The identification of the endogenous ligands of natural killer T cells reveals the presence of mammalian α-linked glycosylceramides

Abstract

Glycosylceramides in mammalian species are thought to be present in the form of β-anomers. This conclusion was reinforced by the identification of only one glucosylceramide and one galactosylceramide synthase, both β-transferases, in mammalian genomes. Thus, the possibility that small amounts of α-anomers could be produced by an alternative enzymatic pathway, by an unfaithful enzyme, or spontaneously in unusual cellular compartments has not been examined in detail. We approached the question by taking advantage of the exquisite specificity of T and B lymphocytes and combined it with the specificity of catabolic enzymes of the sphingolipid pathway. Here, we demonstrate that mammalian immune cells produce constitutively very small quantities of α-glycosylceramides, which are the major endogenous ligands of natural killer T cells. Catabolic enzymes of the ceramide and glycolipid pathway tightly control the amount of these α-glycosylceramides. The exploitation of this pathway to manipulate the immune response will create new therapeutic opportunities.

Figure 1. β-GluCer Is Not the Endogenous Ligand of NKT Cells

(A) Comparison of the stimulatory capacity of commercial (closed circles) and in-house(open circles) C24:1 β-GluCer presented by DCs to DN32.D3 NKT cells. (B) CD1d tetramers loaded with control lipid, C24:1 β-GluCer, or C24:1 α-GalCer were used to stain DN43.D3 NKT hybridoma cells and splenocytes and were examined by flow cytometry. (C) β-GluCer was digested with recombinant GBA for 2 hr at 37°C, analyzed by TLC for confirmation of complete digestion (left panel), and tested functionally for its ability to stimulate DN32.D3 NKT cells when presented by WT splenocytes before (squares) and after (circles) digestion (right panel). (D) The stimulatory activity of commercial β-GluCer was blocked by L363 (10 μg/ml; diamonds) and 20H2 (5 μg/ml; triangles), but not control (squares) antibodies (left panel), and could be recovered with Pisum Sativum lectin (right panel), an agglutinin specific to α-glucose (closed squares). Unbound fractions were used as a negative control (open circles). Seven two-fold dilutions of the purified material were used. All experiments were repeated a minimum of three times with similar results. See also Figure S1.

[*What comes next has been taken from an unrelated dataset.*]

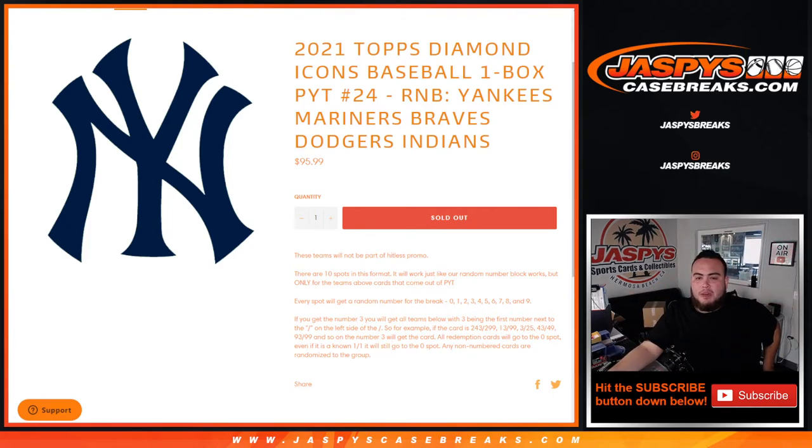And again, you get a piece of all these teams for a fraction of the price. We go by the left side of the serial number dash, the first number on the left side.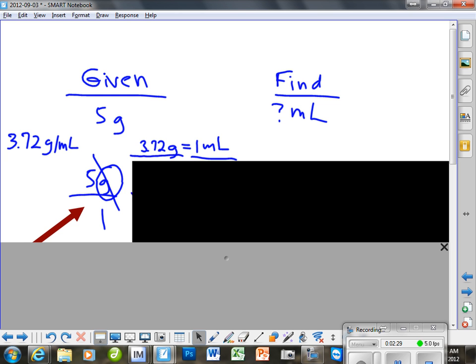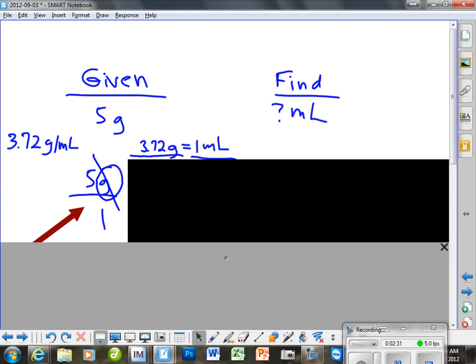We want to get that density equality. That density equality is very important because that's how you determine your next fraction. Let's give someone a shot at that — Austin, how about it? What's going to go on the bottom of our next fraction? What unit of measure will be on the bottom of the next fraction? Grams. Good.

Figure 2. The Anti-CD1d-α-GalCer Antibody L363 Blocks the Autoreactivity of CD1-Expressing Cells toward NKT Cells

(A) IL-2 production by Vα14-expressing DN32.D3 NKT cells was tested after a 24 hr exposure to increasing numbers of RBL-CD1d cells in the presence of L363 (red dots) or control (black dots) antibody (10 μg/ml; left panel). (B) Tested under similar conditions, the non-Vα14 NKT cell hybridoma, TBA7, was not affected by antibody treatment. (C) The stimulatory activity of WT thymocytes toward DN32.D3 cells was tested in the presence of control (black dots) or L363 (red dots) antibody (20 μg/ml). (D) A total of 2 × 10⁴ DC3.2 cells treated for 16 hr with increasing concentrations of LPS were used to stimulate DN32.D3 cells in the presence of control (black dots) or L363 (red dots) antibody (10 μg/ml). (E and F) Stimulation of DN32.D3 cells (E) and TBA7 cells (F) was tested against RBL-CD1d cells (black dots) or RBL-CD1d saposin-knockdown cells, in which saposin expression was reduced to undetectable levels with interfering RNAs. IL-2 production was measured with the NK reporter cell line from triplicate wells. Experiments shown are representative of at least five independent experiments. See also Figure S2.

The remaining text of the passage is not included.